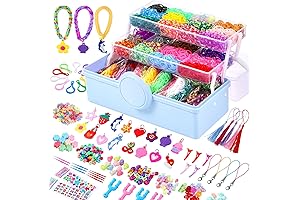 18500+ Bracelet Making Kit Rubber Band (Blue) – Glow in the Dark...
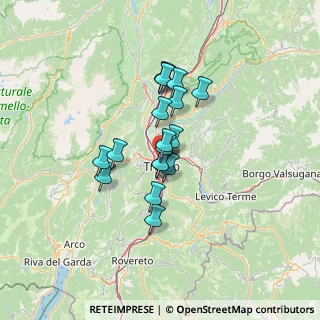 Mappa Via del Brennero, 38122 Trento TN, Italia (9.25222)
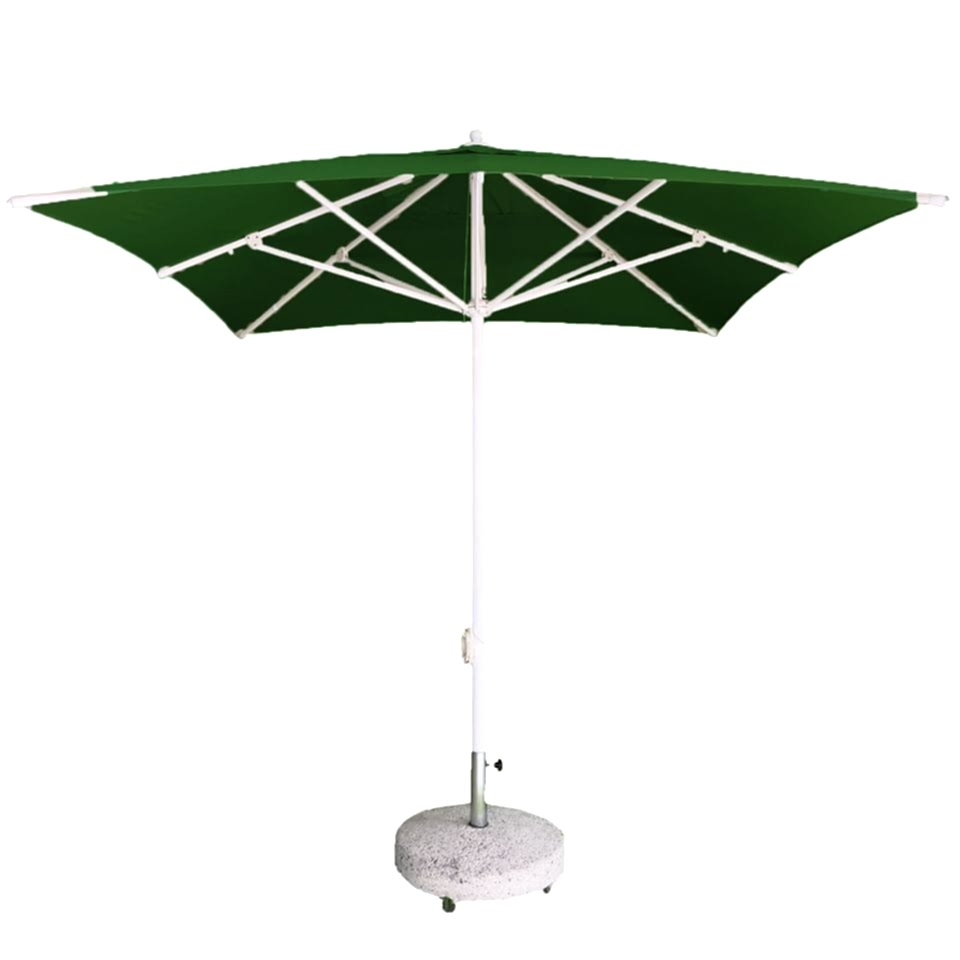 2,5x2,5 İpli Saçaksız Havuz Şemsiyesi Akrilik Kumaşlı Antrasit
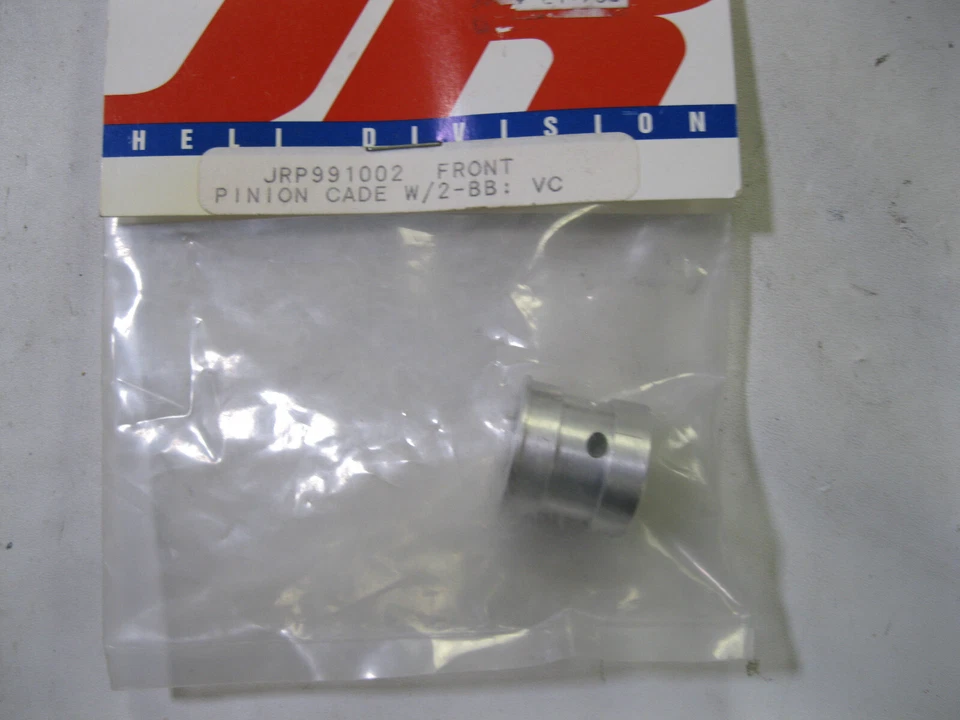 Helicóptero vintage RC JR JRP991002 91002 estuche de piñón con BB Vigor CS Vibe 90  Foto 1 de 4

→ WORK REQUIRED
All of the material above should be written out exactly as given, minus any images.

→ WRITTEN RESPONSE
 18500+ Bracelet Making Kit Rubber Band (Blue) – Glow in the Dark...
 Mappa Via del Brennero, 38122 Trento TN, Italia (9.25222)
 2,5x2,5 İpli Saçaksız Havuz Şemsiyesi Akrilik Kumaşlı Antrasit
 Helicóptero vintage RC JR JRP991002 91002 estuche de piñón con BB Vigor CS Vibe 90  Foto 1 de 4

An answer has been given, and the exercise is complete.